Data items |

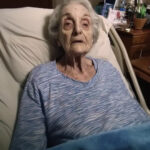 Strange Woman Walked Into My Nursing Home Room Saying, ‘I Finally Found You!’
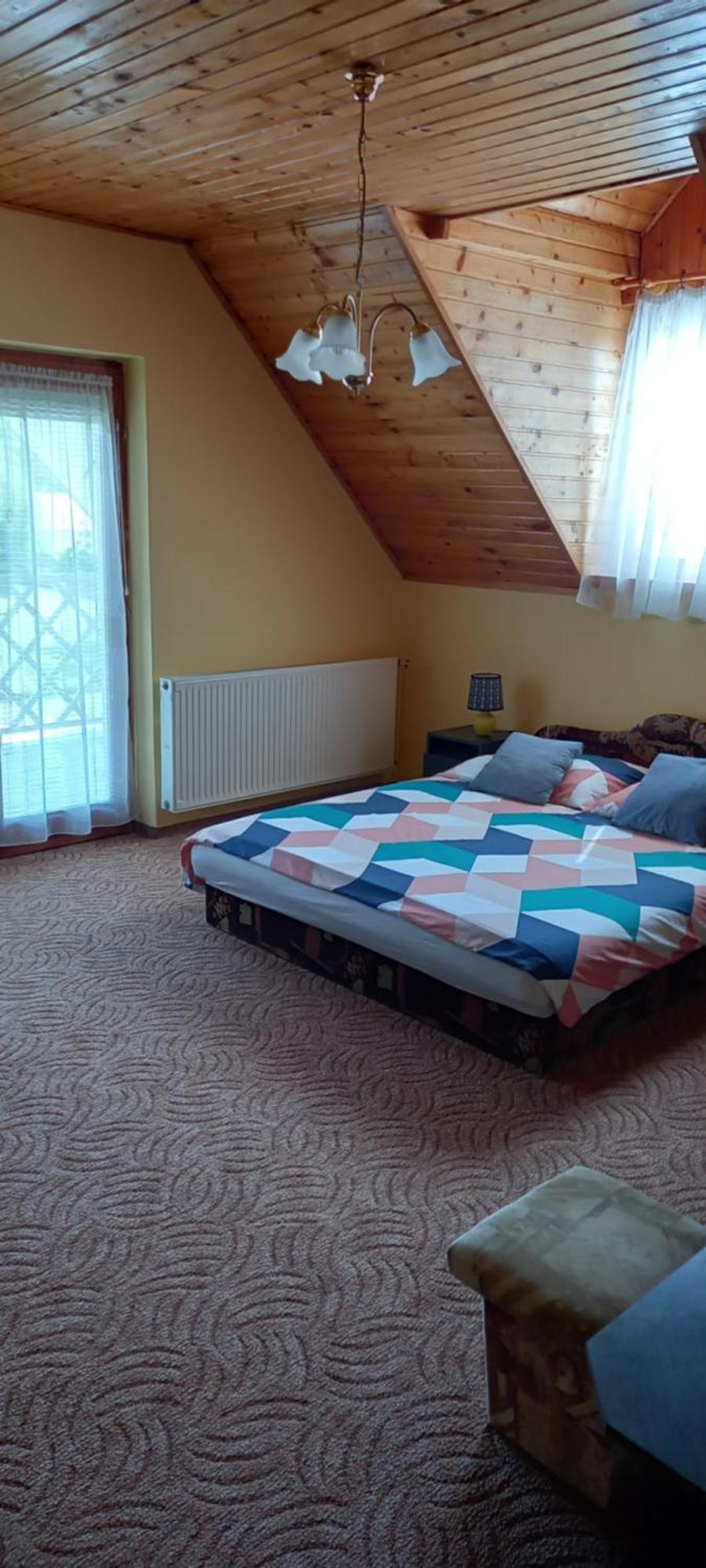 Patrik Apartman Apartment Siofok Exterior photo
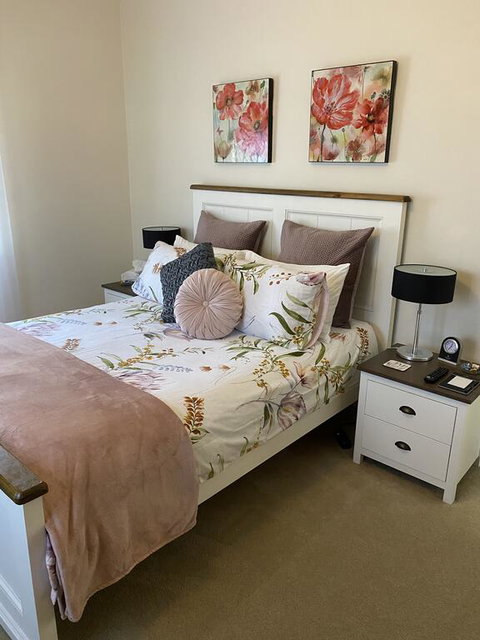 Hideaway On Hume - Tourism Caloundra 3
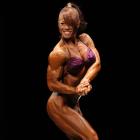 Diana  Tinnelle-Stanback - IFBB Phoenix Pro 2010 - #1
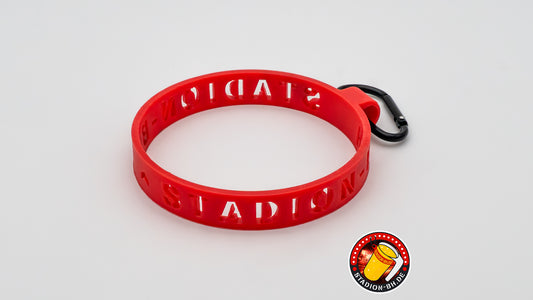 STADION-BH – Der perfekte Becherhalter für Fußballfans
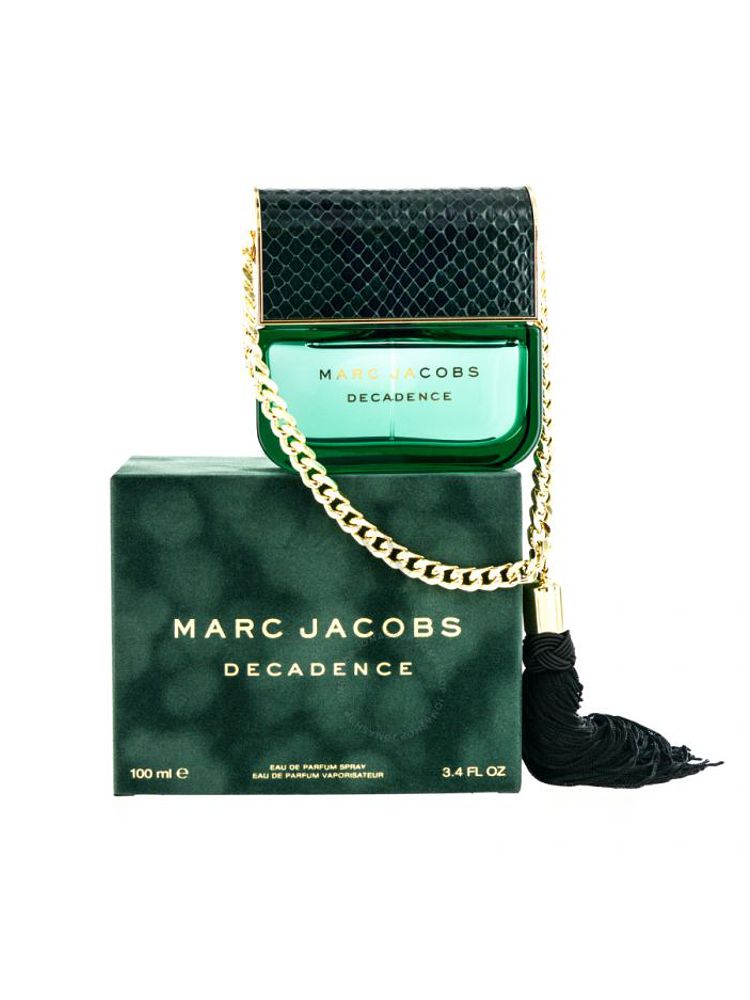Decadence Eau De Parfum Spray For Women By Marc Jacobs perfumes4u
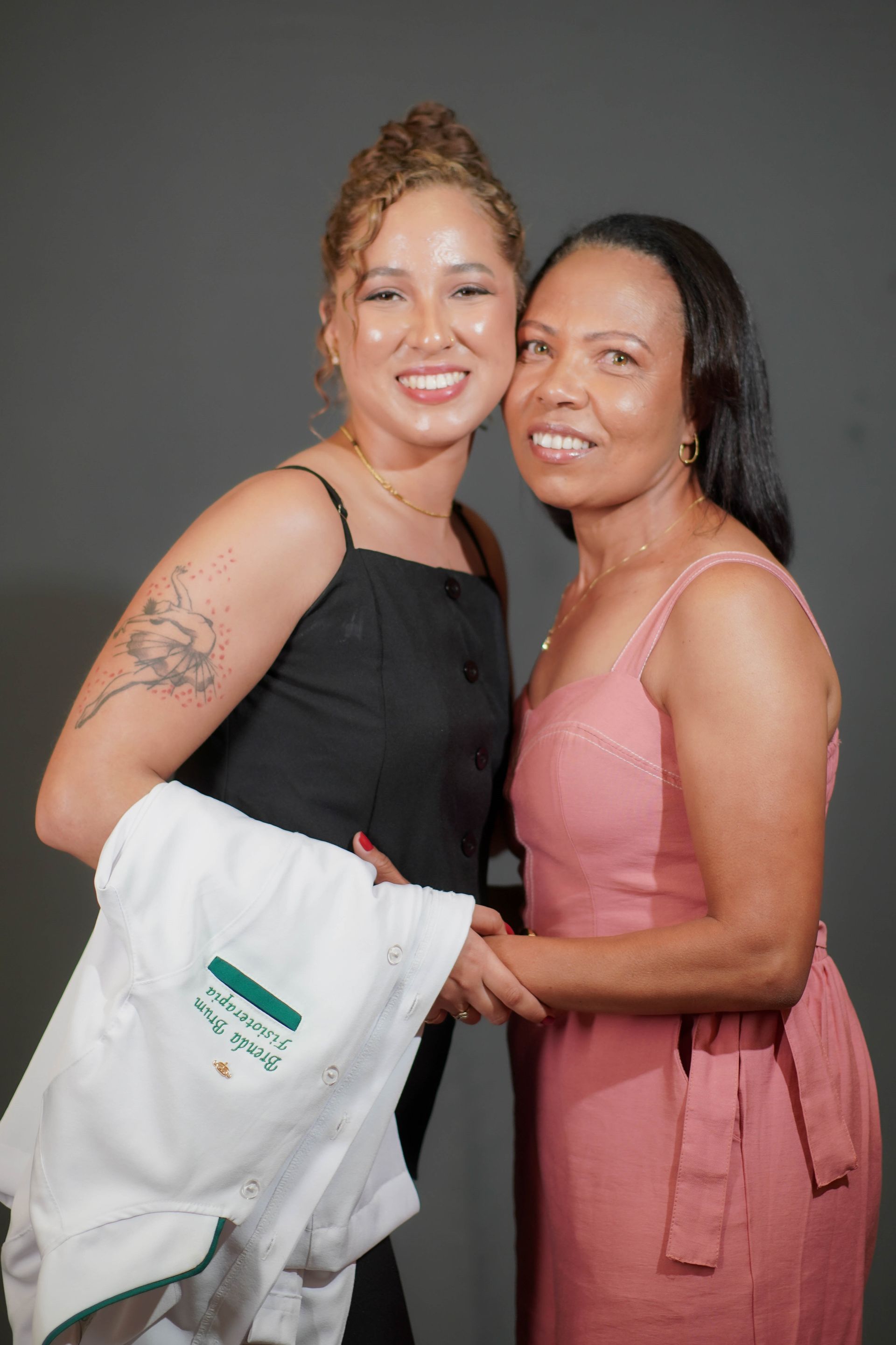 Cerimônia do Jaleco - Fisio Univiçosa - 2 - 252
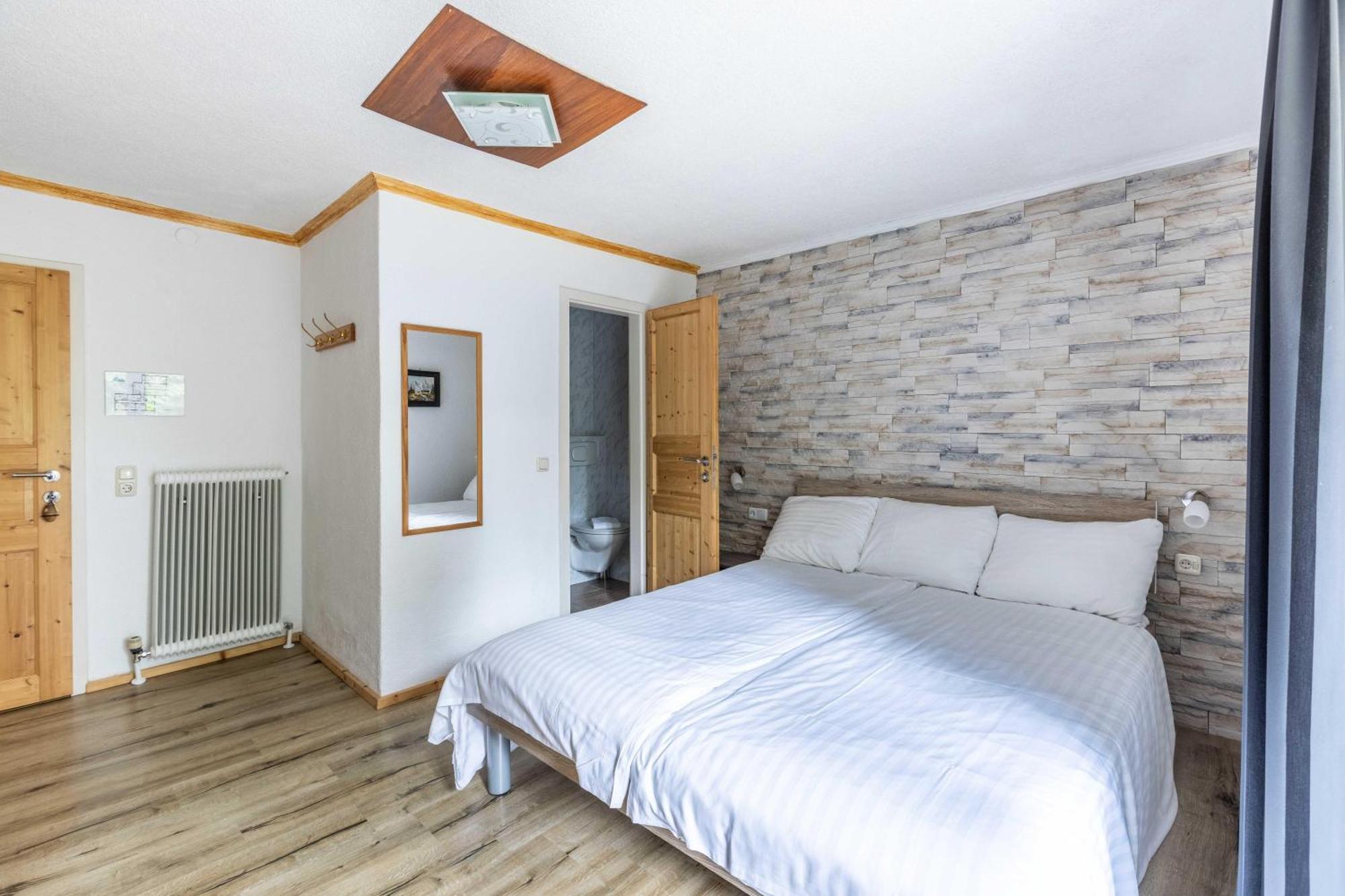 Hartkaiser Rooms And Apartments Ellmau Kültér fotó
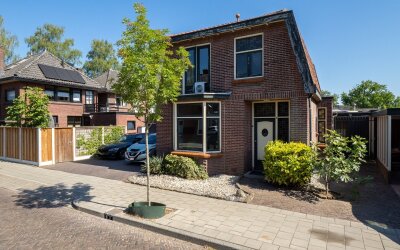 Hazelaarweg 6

Description of the task |
Could you set down every record above word for word, leaving out the pictures?

Solution to this task |
 Strange Woman Walked Into My Nursing Home Room Saying, ‘I Finally Found You!’
 Patrik Apartman Apartment Siofok Exterior photo
 Hideaway On Hume - Tourism Caloundra 3
 Diana  Tinnelle-Stanback - IFBB Phoenix Pro 2010 - #1
 STADION-BH – Der perfekte Becherhalter für Fußballfans
Decadence Eau De Parfum Spray For Women By Marc Jacobs perfumes4u
 Cerimônia do Jaleco - Fisio Univiçosa - 2 - 252
 Hartkaiser Rooms And Apartments Ellmau Kültér fotó
 Hazelaarweg 6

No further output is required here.